New ground was also broken with the introduction of unique new blade steels like San Mai III as well as the “Tri-Ad Lock” locking mechanism for folding knives. In fact, the Tri-Ad Lock in Cold Steel’s folding knives has never been equaled by any of Cold Steel’s competitors and nothing they have produced yet has been proven to outperform it.
Therefore, Cold Steel has remained true to their core philosophy of constantly striving to make the world’s strongest, sharpest, knives.
Consequently, the Cold Steel Outdoorsman San Mai III is a large, heavy-duty, knife that is reminiscent of their “Americanized” tanto knives. However, instead of a curved spine and a tanto point, the Outdoorsman’s blade features a straight spine and a sweep with a rounded belly.
It measures 11” overall and has a 6”, saber ground, blade with “jimping” on the spine just in front of the bolster for greater control and a chopping or “bone breaker” edge incorporated into the spine for heavy chopping jobs.

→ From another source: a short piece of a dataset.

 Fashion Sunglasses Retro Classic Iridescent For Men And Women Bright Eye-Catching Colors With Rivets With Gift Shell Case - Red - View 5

This knife’s blade is made from VG-1 stainless steel with the San Mai III construction and it features a full tang design with a checkered Kray-Ex handle with a stainless steel bolster and it comes with a heavy-duty leather sheath fitted with a brush proof retaining strap.

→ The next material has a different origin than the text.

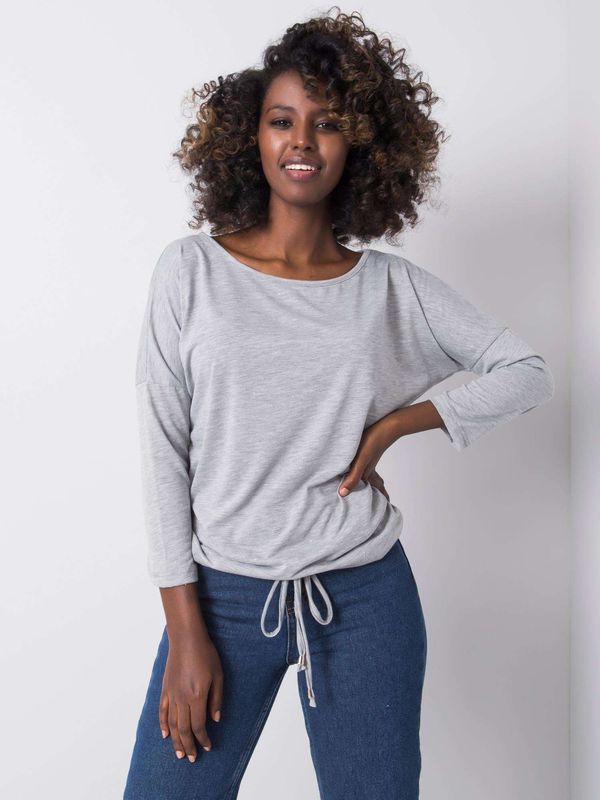 Fashionhunters Grey blouse with drawstrings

There’s also a newer model, the Cold Steel Outdoorsman VG10 San Mai (pictured above), which is manufactured in Taiwan instead of Japan as the original model used to be, and comes without a leather sheath. In fact, the newer sheath is a major put-off as it seems to be a standard tanto blade sheath repurposed to fit this beautiful knife. I strongly suggest investing in a new sheath as well if you buy the newer model.
When I first viewed this knife, I found the combination of a tanto grip combined with a straight spine to be little odd since my mind kept wanting to picture a tanto blade that just isn’t there. However, once I looked at the knife a bit, I got used to the unusual lines and then I started to notice some of its other features.

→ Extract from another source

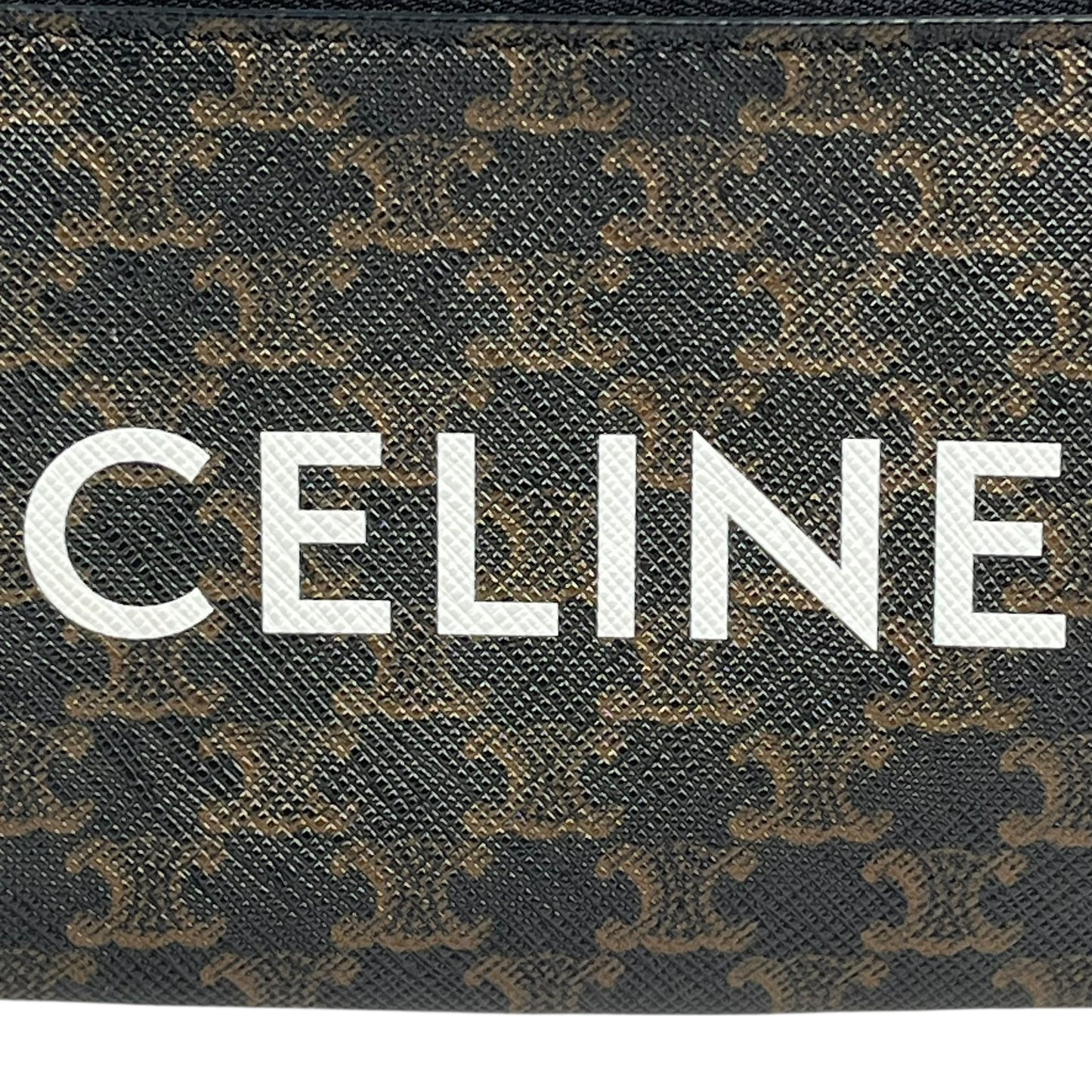 CELINE Triomphe Logo Coin Case &amp; Key Case - Dark Brown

For instance, the straight spine enabled Cold Steel to incorporate a separate, saber ground, chopping edge or “bone breaker” into the spine for chopping jobs that might chip a finer edge. Also, the tanto grip shape is very universal in that it feels the same in the hand regardless of whether the knife is held with the edge down or up.
In addition, the saber grind on the main edge has a fairly wide bevel with leads to a fairly fine edge which can be honed sharp enough to easily remove the skin from harvested game animals and yet, will still hold up well when carving or performing light chopping jobs.
Plus, the Kray-Ex handle with its deep checkering provides the user with a very positive grip even when it’s wet and it also provides the user’s hand with a certain amount of cushion when chopping with the knife.
Furthermore, the blade of the Cold Steel Outdoorsman is made using Cold Steel’s San Mai III construction which laminates two layers of tougher stainless steel to a core of VG-1 stainless steel in order to produce a knife blade that hold an edge exceptionally well and yet, is virtually unbreakable.
In fact, with a Carbon (C) content between 0.95-1.05, a Chromium (Cr) content between 13.0-15.0, a Molybdenum (Mo) content between 0.2-0.4 and less than 0.25 of Nickel (Ni), Cold Steel claims that VG-1 has better aggregate characteristics in the areas of sharpness, edge retention, point strength, shock and strength characteristics than 440C, VG-10, or ATS 34 stainless steels, though any of those alloys may be better than VG-1 in individual categories.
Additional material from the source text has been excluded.